There is no pain associated with dry or wet AMD. The most common symptom of dry AMD is slightly blurred or fuzzy vision requiring greater illumination to see greater details. Also, an inability to recognize faces at a distance may develop.
Symptoms of wet AMD may be that straight lines, such as sentences on a page appear wavy; rapid loss of central vision; and a blurred or blind spot in the center of vision.
A thorough eye exam by an ophthalmologist or retinal specialist will determine the presence of macular degeneration. Fluorescein angiography may be needed to determine presence of abnormal vessels (wet AMD).
Currently, treatments for macular degeneration are rapidly advancing and changing approximately every three months. Laser therapy, photodynamic therapy and transpupillary thermotherapy are examples.
Currently at UMMC, we are conducting a study that consists of injecting a drug around the eye (Anecortave) to try to prevent wet form of the disease if one eye has been affected by the wet form. Patients can contact our offices for screening and determination of their eligibility.
Macular hole can cause blurred vision, the loss of central vision can occur due to loss of tissue in this area.
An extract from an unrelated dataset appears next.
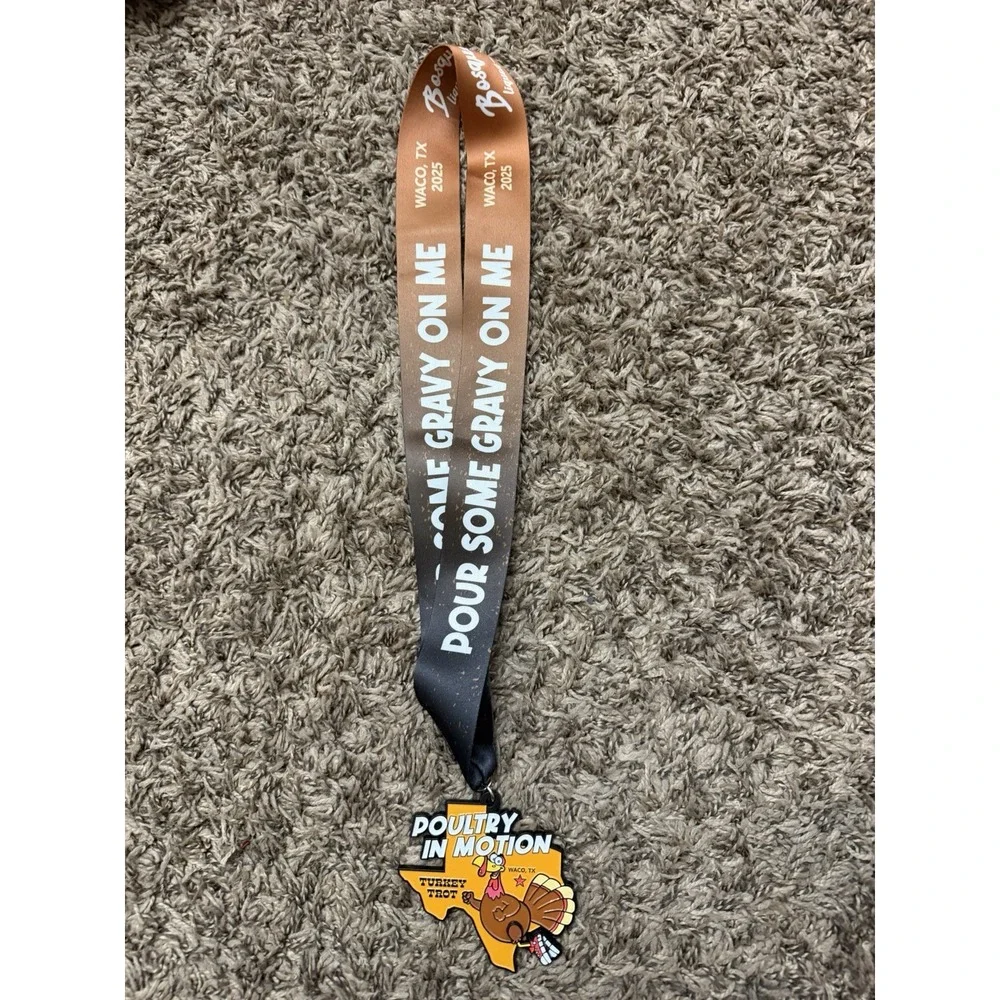 Poultry in Motion Turkey Trot 5k Finisher Medal Waco Texas 2025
Macular hole is diagnosed during a complete eye exam, including a dilated retina exam. Optical coherence tomography aids the retina specialist in determining the extent of macular hole.
Currently vitrectomy with gas injection is the treatment of macular hole with 90% success rate. The patient may be asked to maintain a face-down or an upright position to let the gas bubble close the macular hole.
Retinal tear is a rip in the retinal tissue. If fluid gets behind the retinal tissue, it will detach or separate the retinal tissue from the eye wall. This leads to loss of vision and blindness if left untreated.
Flashes of light, floaters and loss of vision in the form of a dark curtain are symptoms of retinal detachment and tears.
Retinal tears without detachment can be treated with laser. Retinal detachment can be treated with pneumatic retinopexy, a procedure performed in the office, or surgery using a band (Scleral buckle) around the eye or vitrectomy. The choice of treatment depends on the severity and type of detachment.